Task item:
Pictures are to be dropped. Everything else in the listing gets copied exactly.
• • • • •
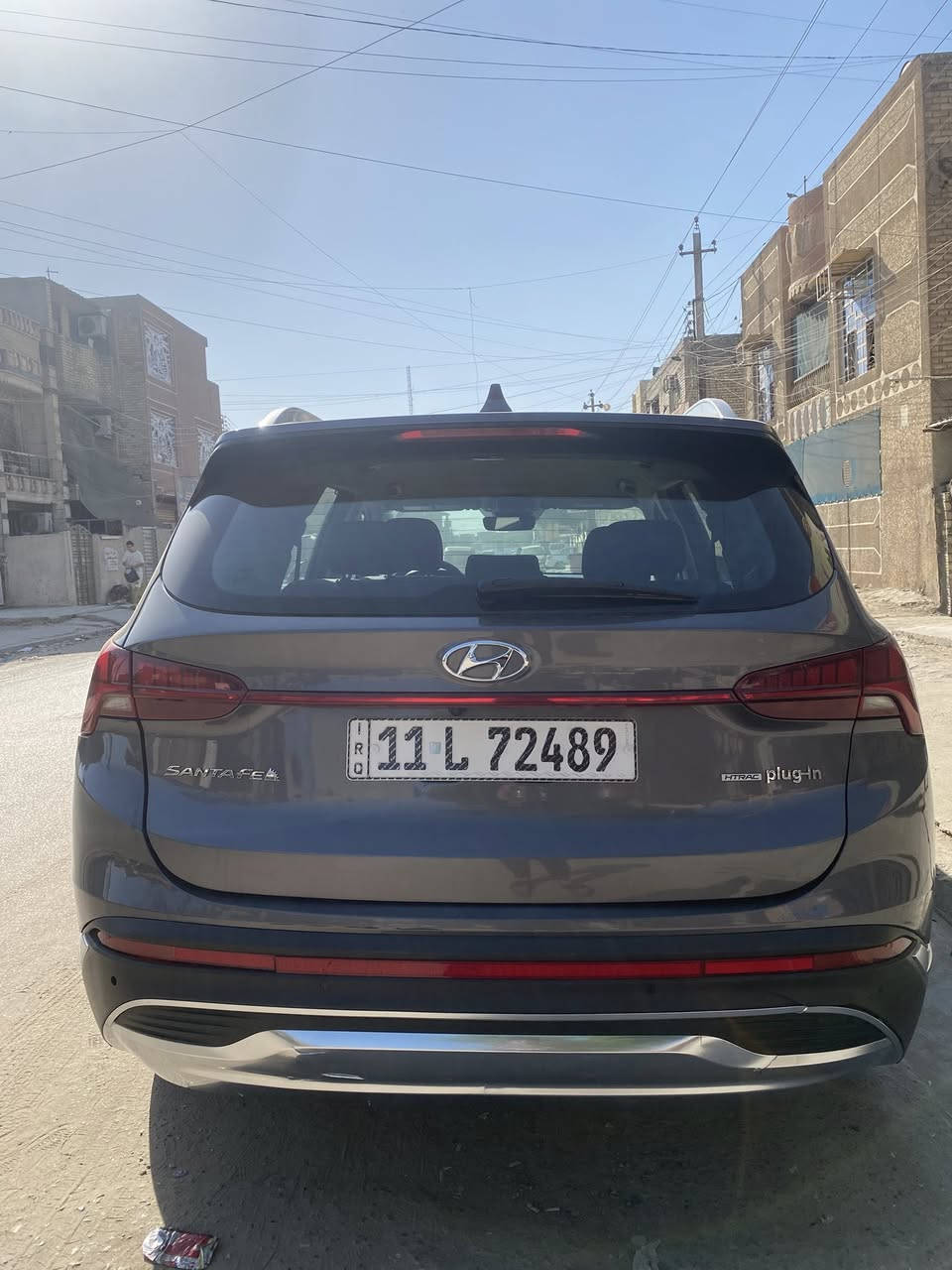 سنتافيه
موديل ٢٠٢٢
ظربتها بابين وجاملغ موجود صوره الضربه ولسونار 
بدون ايرباك 
السعر ١٨٠ 
مكينه هايبرد
رقم بدون واتساب ***********
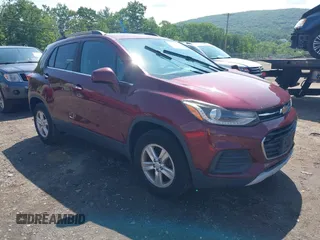 2017 Chevrolet Trax LT z VIN 3GNCJPSBXHL275544, wystawiony jako IAAI lot #42509058 z przebiegiem 114 184 mil mil oraz . Historia ofert i sprzedaży dostępna na DreamBid. Obrazek 1.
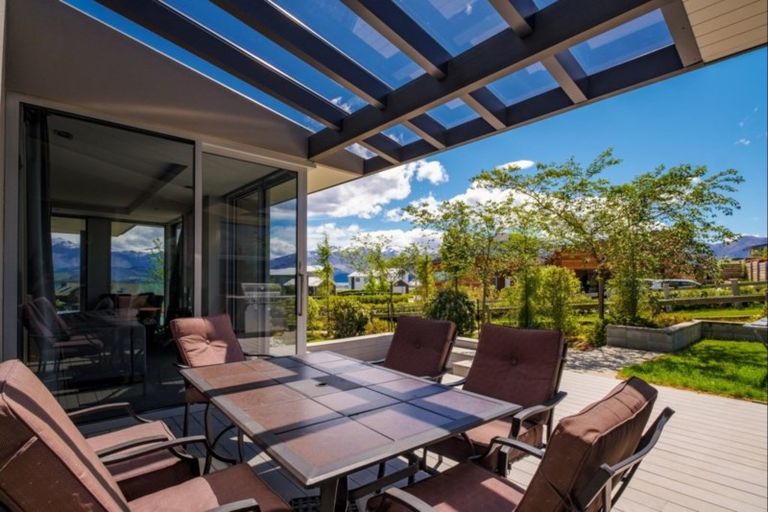 Photo of property in 18 Urquhart Place, Wanaka, 9305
• • • • •
Written solution:
 سنتافيه
موديل ٢٠٢٢
ظربتها بابين وجاملغ موجود صوره الضربه ولسونار 
بدون ايرباك 
السعر ١٨٠ 
مكينه هايبرد
رقم بدون واتساب ***********
 2017 Chevrolet Trax LT z VIN 3GNCJPSBXHL275544, wystawiony jako IAAI lot #42509058 z przebiegiem 114 184 mil mil oraz . Historia ofert i sprzedaży dostępna na DreamBid. Obrazek 1.
 Photo of property in 18 Urquhart Place, Wanaka, 9305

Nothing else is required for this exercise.